(INFORMATION SUPPLIED Opens)
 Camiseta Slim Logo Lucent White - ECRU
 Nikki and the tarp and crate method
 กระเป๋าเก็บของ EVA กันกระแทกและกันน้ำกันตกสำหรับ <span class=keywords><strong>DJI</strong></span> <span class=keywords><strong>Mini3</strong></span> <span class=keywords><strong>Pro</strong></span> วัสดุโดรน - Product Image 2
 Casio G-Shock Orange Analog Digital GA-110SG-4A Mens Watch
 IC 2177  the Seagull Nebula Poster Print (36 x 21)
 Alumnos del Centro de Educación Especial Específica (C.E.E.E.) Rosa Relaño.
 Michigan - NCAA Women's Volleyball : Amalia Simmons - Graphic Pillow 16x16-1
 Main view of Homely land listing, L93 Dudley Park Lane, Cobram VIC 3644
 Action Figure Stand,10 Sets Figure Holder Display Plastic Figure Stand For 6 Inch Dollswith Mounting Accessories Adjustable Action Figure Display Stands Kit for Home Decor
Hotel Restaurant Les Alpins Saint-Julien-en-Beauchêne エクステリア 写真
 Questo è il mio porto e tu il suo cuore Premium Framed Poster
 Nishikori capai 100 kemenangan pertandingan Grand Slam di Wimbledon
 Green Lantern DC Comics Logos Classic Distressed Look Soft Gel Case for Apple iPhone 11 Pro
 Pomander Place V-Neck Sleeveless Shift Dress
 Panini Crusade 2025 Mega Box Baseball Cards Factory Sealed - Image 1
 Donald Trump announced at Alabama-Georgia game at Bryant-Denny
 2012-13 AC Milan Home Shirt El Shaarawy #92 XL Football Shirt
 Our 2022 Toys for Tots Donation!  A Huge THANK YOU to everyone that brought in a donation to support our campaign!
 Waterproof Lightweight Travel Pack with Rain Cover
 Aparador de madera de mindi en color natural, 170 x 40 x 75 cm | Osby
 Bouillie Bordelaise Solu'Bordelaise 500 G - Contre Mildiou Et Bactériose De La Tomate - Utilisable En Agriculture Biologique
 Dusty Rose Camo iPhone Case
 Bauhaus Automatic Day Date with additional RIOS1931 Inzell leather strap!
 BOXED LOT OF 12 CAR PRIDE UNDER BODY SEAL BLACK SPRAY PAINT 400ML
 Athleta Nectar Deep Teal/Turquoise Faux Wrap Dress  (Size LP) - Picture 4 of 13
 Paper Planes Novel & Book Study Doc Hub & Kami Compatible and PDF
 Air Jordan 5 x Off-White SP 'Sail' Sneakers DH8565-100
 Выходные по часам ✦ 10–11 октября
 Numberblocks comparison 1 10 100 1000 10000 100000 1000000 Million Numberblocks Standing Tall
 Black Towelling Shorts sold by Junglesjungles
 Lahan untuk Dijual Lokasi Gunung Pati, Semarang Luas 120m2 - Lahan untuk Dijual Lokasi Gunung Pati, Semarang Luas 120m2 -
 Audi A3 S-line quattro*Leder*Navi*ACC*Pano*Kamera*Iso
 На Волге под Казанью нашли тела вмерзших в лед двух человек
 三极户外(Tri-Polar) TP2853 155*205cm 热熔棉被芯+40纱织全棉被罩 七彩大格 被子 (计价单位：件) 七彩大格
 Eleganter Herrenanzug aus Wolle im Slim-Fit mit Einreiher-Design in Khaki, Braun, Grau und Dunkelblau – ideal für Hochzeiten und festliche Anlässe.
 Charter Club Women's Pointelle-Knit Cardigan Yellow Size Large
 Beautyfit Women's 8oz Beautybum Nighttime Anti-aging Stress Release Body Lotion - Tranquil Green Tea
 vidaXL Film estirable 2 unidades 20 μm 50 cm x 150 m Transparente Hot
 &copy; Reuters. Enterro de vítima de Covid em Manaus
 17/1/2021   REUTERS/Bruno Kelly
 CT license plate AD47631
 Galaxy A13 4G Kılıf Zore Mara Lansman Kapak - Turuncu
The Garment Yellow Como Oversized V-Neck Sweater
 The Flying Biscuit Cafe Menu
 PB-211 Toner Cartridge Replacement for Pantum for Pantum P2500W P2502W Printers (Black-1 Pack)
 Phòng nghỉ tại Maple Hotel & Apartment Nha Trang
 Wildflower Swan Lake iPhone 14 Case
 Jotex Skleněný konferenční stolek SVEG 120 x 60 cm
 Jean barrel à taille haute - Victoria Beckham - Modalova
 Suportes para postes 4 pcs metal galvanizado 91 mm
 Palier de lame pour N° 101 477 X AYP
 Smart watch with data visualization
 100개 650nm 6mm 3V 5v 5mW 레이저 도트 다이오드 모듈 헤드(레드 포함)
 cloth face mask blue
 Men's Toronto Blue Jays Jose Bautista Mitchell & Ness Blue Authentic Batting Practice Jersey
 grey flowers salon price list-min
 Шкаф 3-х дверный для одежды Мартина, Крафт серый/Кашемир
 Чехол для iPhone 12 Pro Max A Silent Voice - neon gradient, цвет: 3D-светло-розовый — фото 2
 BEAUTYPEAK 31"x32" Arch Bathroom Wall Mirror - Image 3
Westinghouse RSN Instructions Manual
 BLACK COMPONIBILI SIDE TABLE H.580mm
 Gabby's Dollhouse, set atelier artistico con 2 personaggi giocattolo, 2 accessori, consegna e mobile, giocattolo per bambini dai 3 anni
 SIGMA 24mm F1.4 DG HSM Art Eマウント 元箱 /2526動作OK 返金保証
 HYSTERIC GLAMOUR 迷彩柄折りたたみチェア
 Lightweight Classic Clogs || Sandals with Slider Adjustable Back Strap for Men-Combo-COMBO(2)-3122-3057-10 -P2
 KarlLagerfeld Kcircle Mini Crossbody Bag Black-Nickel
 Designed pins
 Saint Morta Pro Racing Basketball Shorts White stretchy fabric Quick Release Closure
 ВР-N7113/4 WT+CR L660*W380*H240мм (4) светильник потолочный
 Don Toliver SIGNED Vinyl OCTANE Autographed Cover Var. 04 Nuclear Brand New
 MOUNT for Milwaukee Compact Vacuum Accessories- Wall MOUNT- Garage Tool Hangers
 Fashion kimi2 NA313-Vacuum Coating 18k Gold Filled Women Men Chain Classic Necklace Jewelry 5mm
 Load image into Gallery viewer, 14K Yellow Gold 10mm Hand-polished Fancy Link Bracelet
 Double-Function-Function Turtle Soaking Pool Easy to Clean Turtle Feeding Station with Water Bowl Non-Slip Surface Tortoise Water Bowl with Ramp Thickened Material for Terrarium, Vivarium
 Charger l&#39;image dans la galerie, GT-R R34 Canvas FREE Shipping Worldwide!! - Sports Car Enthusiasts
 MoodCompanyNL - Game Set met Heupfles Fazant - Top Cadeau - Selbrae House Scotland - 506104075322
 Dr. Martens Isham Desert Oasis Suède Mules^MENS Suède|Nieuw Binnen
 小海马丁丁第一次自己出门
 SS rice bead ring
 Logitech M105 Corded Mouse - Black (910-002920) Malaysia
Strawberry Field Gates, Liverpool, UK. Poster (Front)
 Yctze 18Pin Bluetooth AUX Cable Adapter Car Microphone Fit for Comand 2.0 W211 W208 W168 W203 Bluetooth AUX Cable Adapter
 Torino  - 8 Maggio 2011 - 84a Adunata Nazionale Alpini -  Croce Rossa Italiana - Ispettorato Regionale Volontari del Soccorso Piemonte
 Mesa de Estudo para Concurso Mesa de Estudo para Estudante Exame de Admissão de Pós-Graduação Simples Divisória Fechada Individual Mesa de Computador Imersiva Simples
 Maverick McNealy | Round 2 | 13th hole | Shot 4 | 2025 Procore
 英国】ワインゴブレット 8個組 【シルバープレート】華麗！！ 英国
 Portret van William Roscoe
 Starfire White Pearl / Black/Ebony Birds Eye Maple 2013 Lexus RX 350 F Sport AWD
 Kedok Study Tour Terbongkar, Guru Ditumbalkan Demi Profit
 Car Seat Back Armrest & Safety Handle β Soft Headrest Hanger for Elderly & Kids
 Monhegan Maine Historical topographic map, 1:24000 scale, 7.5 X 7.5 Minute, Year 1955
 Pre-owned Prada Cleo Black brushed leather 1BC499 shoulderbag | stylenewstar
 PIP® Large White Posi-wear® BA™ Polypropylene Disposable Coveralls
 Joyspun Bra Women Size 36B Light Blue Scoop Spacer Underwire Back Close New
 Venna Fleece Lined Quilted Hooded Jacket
(INFORMATION SUPPLIED Closes)
**EXERCISE DESCRIPTION**
Only the lines from the one with "Joyspun Bra Women" through the final line above belong in the answer, each reproduced word for word.

**RESPONSE FOR THIS EXERCISE**
 Joyspun Bra Women Size 36B Light Blue Scoop Spacer Underwire Back Close New
 Venna Fleece Lined Quilted Hooded Jacket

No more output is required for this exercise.